Puisque ces détails m’ont, pour la plupart, échappé, venons-en au fond du roman. Cela commence plutôt bien, dans une ambiance de mystère victorien assez classique, avec une pointe de noirceur inquiétante, aux frontières du rationnel, à la From Hell (2001), l’adaptation cinématographique que les jumeaux Albert et Allen Hugues ont tirée du roman graphique d’Alan Moore (scénario) et Eddie Campbell (dessin). Ou le très bon téléfilm Jack the Ripper / Jack l’éventreur (1988) de David Wickes, avec l’excellent Michael Caine. Jack l’Éventreur n’est d’ailleurs pas si étranger que ça au roman, qui compte aussi parmi ses invités Bram Stoker, le « père » de Dracula.
Puis, comment dire ?... Ça tourne à tout autre chose.
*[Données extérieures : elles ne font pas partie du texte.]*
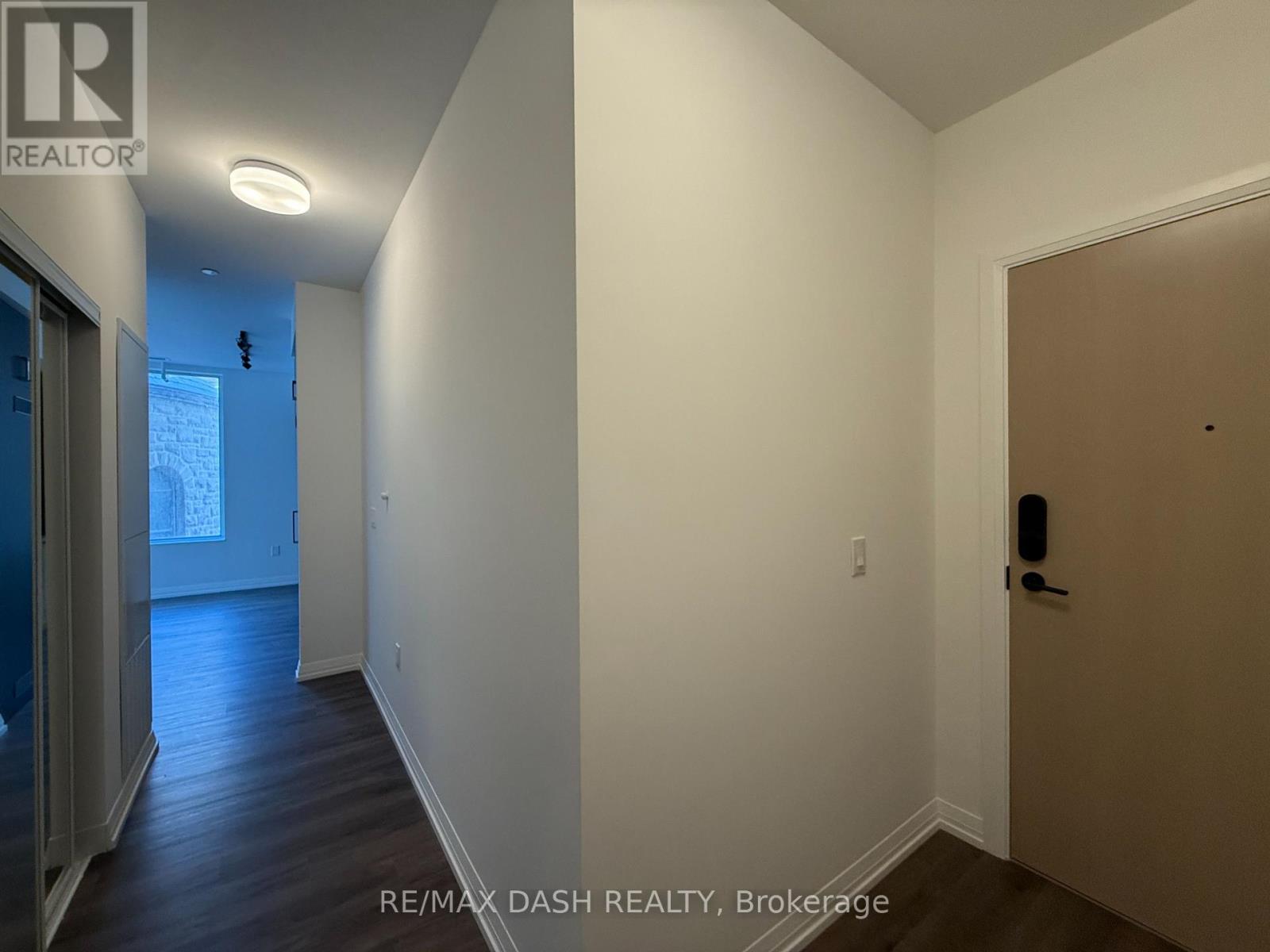 401 - 280 Dundas Street W, Toronto, Ontario  M5T 0E3 - Photo 2 - C13677204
Au diable la finesse holmesienne ! Sortons les monstres, les flingues, les effets spéciaux ! Des momies revenues à la vie dans les sous-sols du British Museum, des sangsues géantes, des expériences de lobotomies et de drogues psychotropes, un espion au service de la Reine mais échappé d’un asile de fous, un manoir dans les brumes du Yorkshire, un complot mêlant des bellicistes de rêvant l’embrasement du monde et de satanistes qui, eux, rêvent de ramener sur Terre Celui-qu’on-ne-doit-pas-nommer-mais-qui-porte-mille-noms. Et, bien sûr, la liste des noms des conspirateurs, histoire que quelqu’un comprenne qu’ils sont liés, à défaut de comprendre pourquoi ils le sont... Ah, et j’ai failli oublié : le grand méchant (c’est-à-dire le plus méchant des sept, le cerveau, les six autres n’étant là qu’à titre utilitaire ou presque) et un des gentils sont frères, histoire d’ajouter du piment abeletcaïnesque à une tambouille dans lesquels les ingrédients étaient déjà nombreux et épicés.
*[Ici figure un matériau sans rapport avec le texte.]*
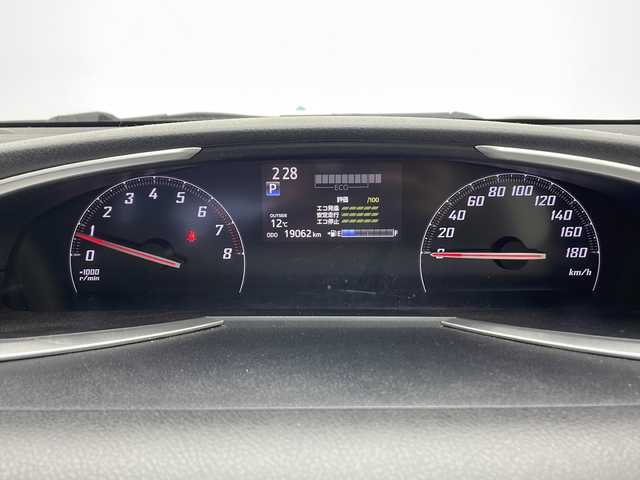 トヨタ シエンタ G 千葉県 2016(平28)年 1.9万km ヴィンテージブラウンパールクリスタルシャイン トヨタセーフティセンス/プリクラッシュセーフティ/レーンディパーチャーアラート/オートマッチクハイビーム/先行車発進アラーム/純正ナビ/　　CD/DVD/Bluetooth/AM/FM/フルセグ/バックカメラ/ビルトインETC/両側パワースライドドア/革巻きステアリング/ステアリングスイッチ/プッシュスタート/スマートキー/スペア1本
Quand je vois ça au cinéma, je peux en être bon public : je peux applaudir à The Mummy / La momie (1999) de Stephen Sommers – même si ma préférence va quand même à Raiders of the Lost Ark / Les aventuriers de l’arche perdue (1981) de Steven Spielberg. Voire, quitte à bousculer les canons holmesiens, savourer sans fausse pudeur le Sherlock Holmes (2009) de Guy Ritchie et son pétillant duo formé par Robert Downey Jr. (Holmes) et Jude Law (le Dr. Watson). Mais, sous forme de livre, j’accroche beaucoup moins : cela me semble plus poussif, et j’en arrive à lire en diagonale juste pour avec une idée du fil du récit sans être englué dans les détails et les rebondissements parfois artificiels.
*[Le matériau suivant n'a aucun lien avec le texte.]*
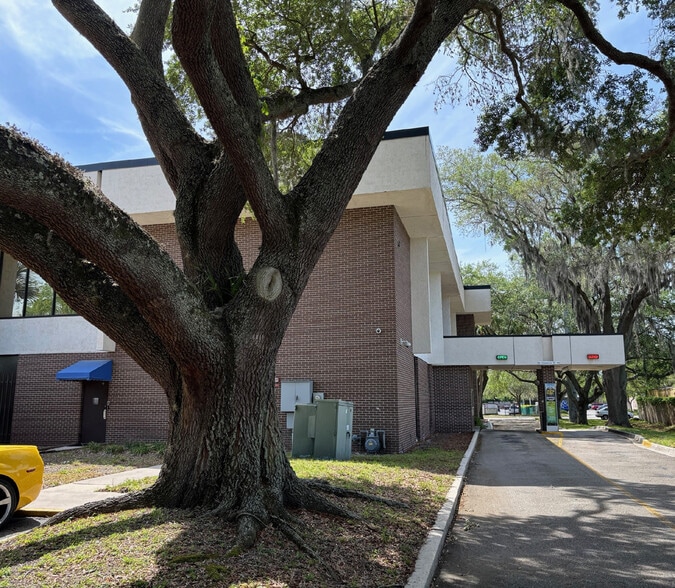 More Photos Of 101 Scholars Way, Jacksonville Bank For Lease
Quand il s’agit d’une menace sournoise qui cherche à saper les fondations de l’empire britannique, je penche plutôt vers des romans comme ceux de Fu Manchu par Sax Rohmer (même si je ne me complais pas dans le racisme et le mépris qui parcourent ces romans). Et je préfère l’écriture d’un Tim Powers, par exemple dans The Anubis Gates / Les portes d’Anubis (1983), à celle de Mark Frost, fort heureusement allégée par des dialogues piqués d’ironie et de second degré.

Cette Liste des sept séduira probablement ceux qui sont capables de se dépouiller volontairement de leur incrédulité pour se laisser emporter par le tourbillon de ce récit où tout est « plus ». Moi, j’ai trouvé que c’est un peu « trop ».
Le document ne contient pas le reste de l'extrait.